• WORK TASK:
Task for the records below: copy exactly, and only, the line containing "NWT Gap X Victoria" and every line after it to the end, with pictures left out.

Captioned web images
=== Section Start ===

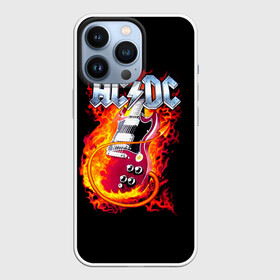 Чехол для iPhone 13 Pro с принтом AC DC в городе Новоалтайск,  |  | Тематика изображения на принте: ac dc | acdc | acdc ас дс | австралийская | ангус янг | асдс | блюз | группа | крис слэйд | метал | молния | музыка | певцы | рок | рок н ролл | стиви янг | хард | хардрок | эксл роуз
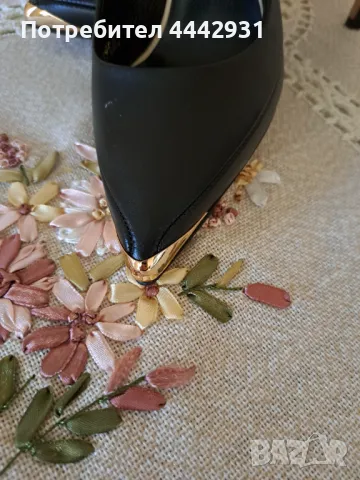 Дамски официални обувки, снимка 4 - Дамски обувки на ток - 49872975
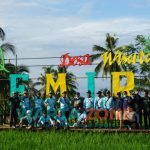 foto: Desa Wisata Kemiri di Kecamatan Panti yang menyuguhkan pemandangan persawahan.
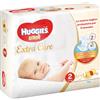 KIMBERLY CLARK ITALIA Huggies Bebè 3-6kg Pannolini Base 2 Da 24 Pezzi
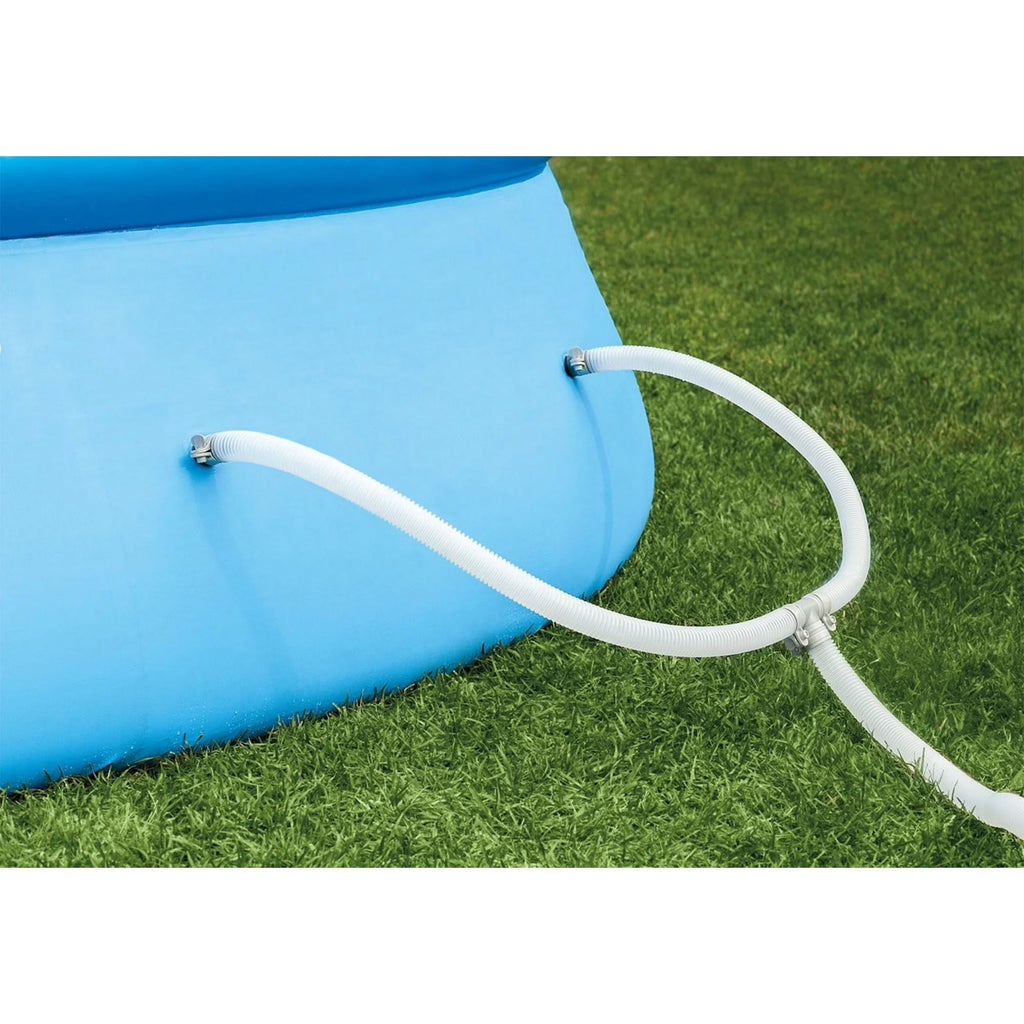 8ft x 30in Round Inflatable Above Ground Swimming Pool Q659734
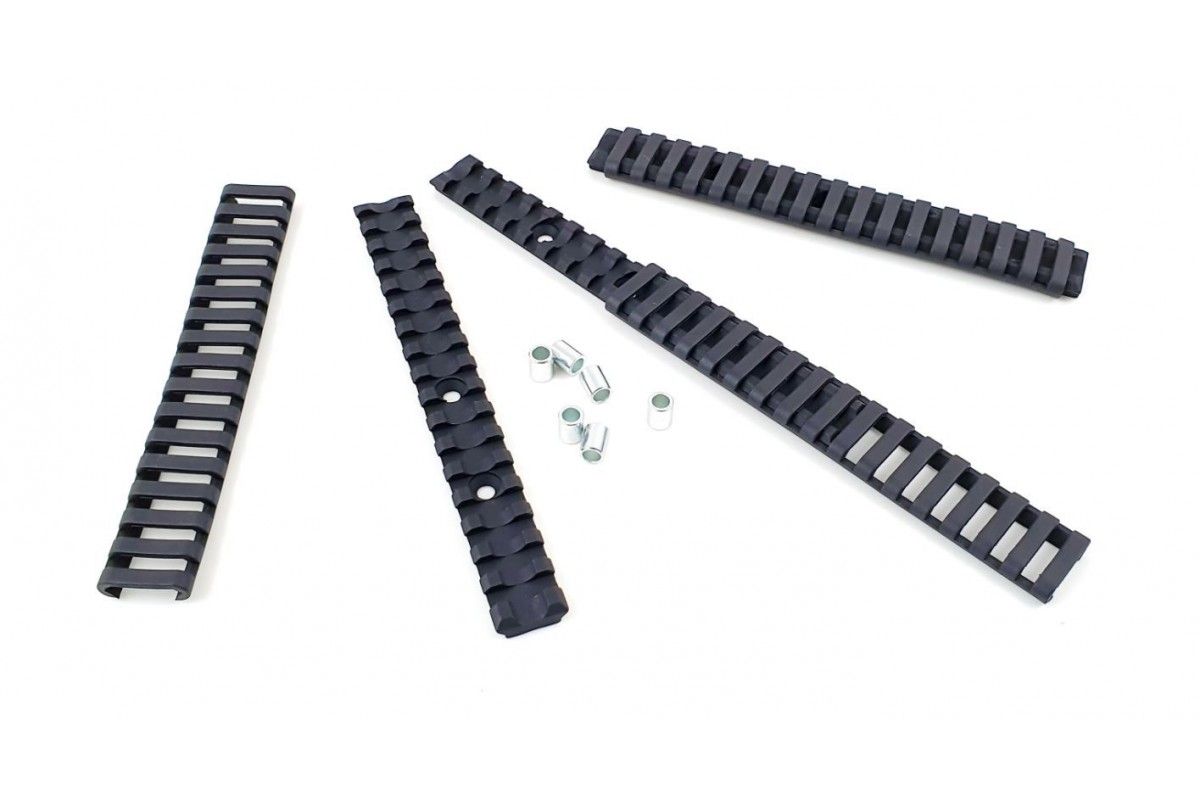 Set de 3 rails pour garde main pour PAR222 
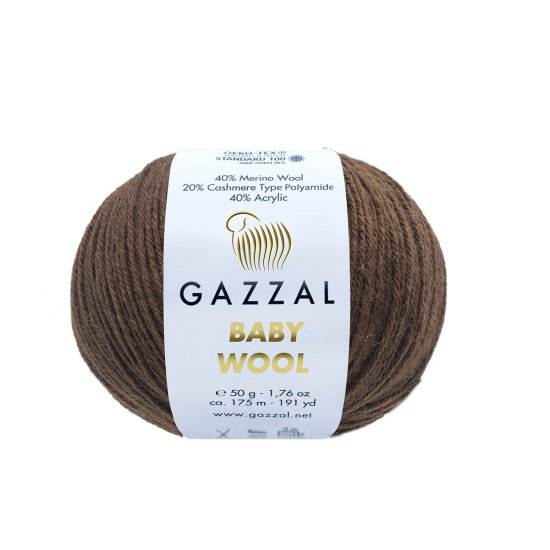 Gazzal Baby Wool 807 Gazzal Baby Wool 807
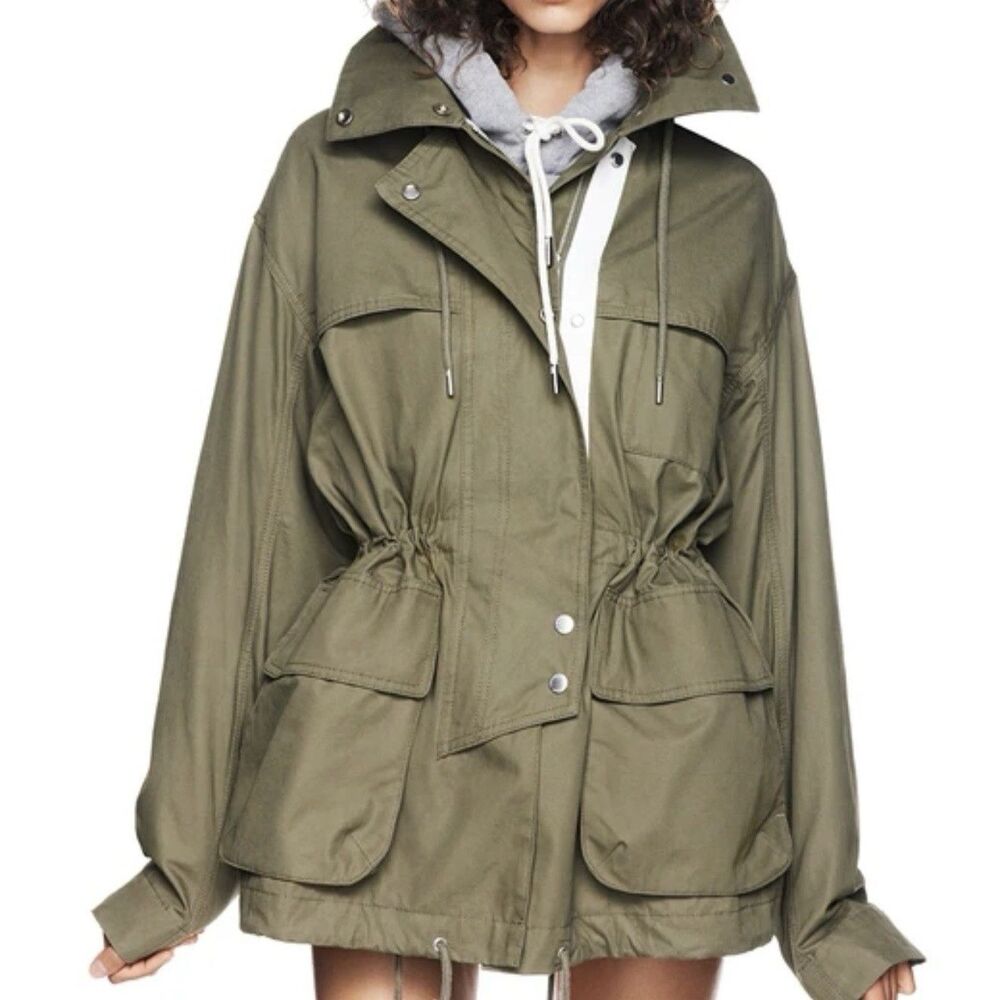 NWT Gap X Victoria Beckham Parka-XS/S - Picture 4 of 9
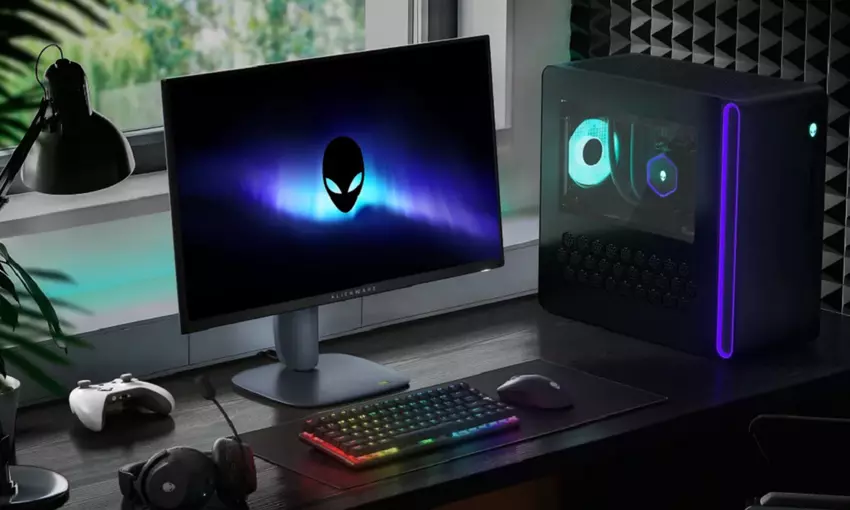 Dell zaprezentował trzy monitory dla graczy z serii Alienware o różnych funkcjach i przystępnych cenach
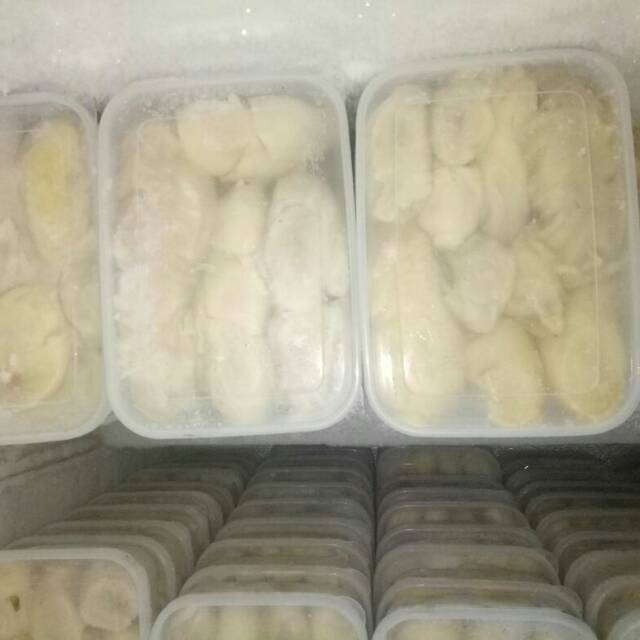 

Durian kupas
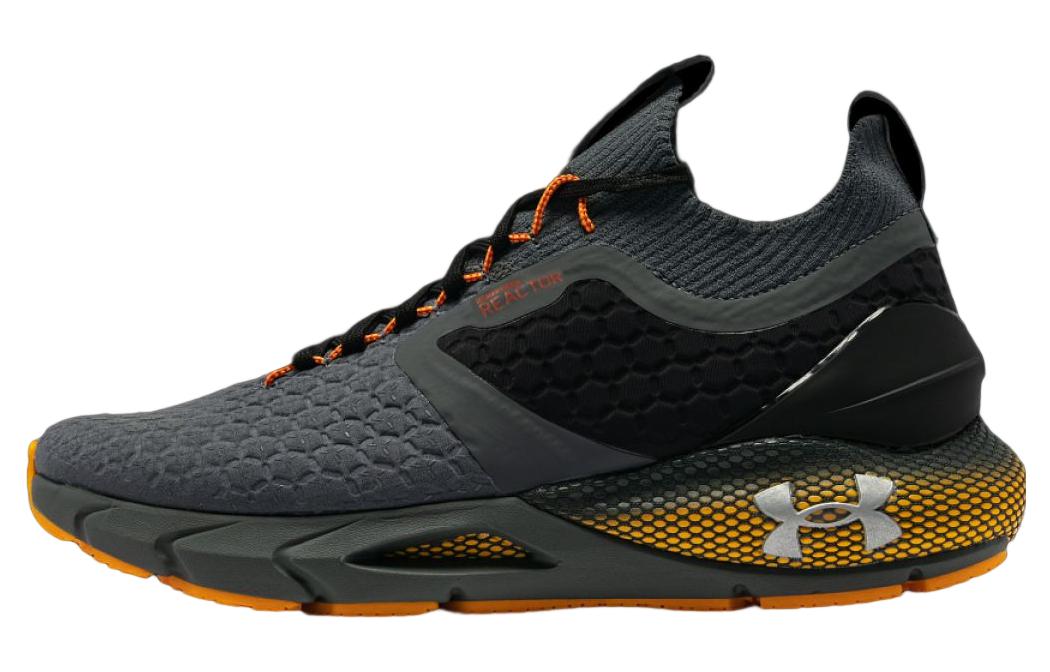 Under Armour Hovr Phantom 2 ColdGear Reactor 'Gray Yellow'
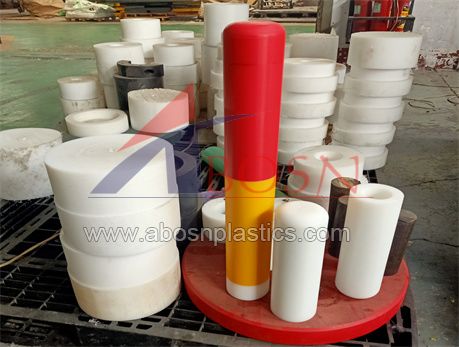 colored uhmwpe hdpe diameter rods stick bar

=== Section End ===

• THE COMPLETED TASK:
 NWT Gap X Victoria Beckham Parka-XS/S - Picture 4 of 9
 Dell zaprezentował trzy monitory dla graczy z serii Alienware o różnych funkcjach i przystępnych cenach

Durian kupas
 Under Armour Hovr Phantom 2 ColdGear Reactor 'Gray Yellow'
 colored uhmwpe hdpe diameter rods stick bar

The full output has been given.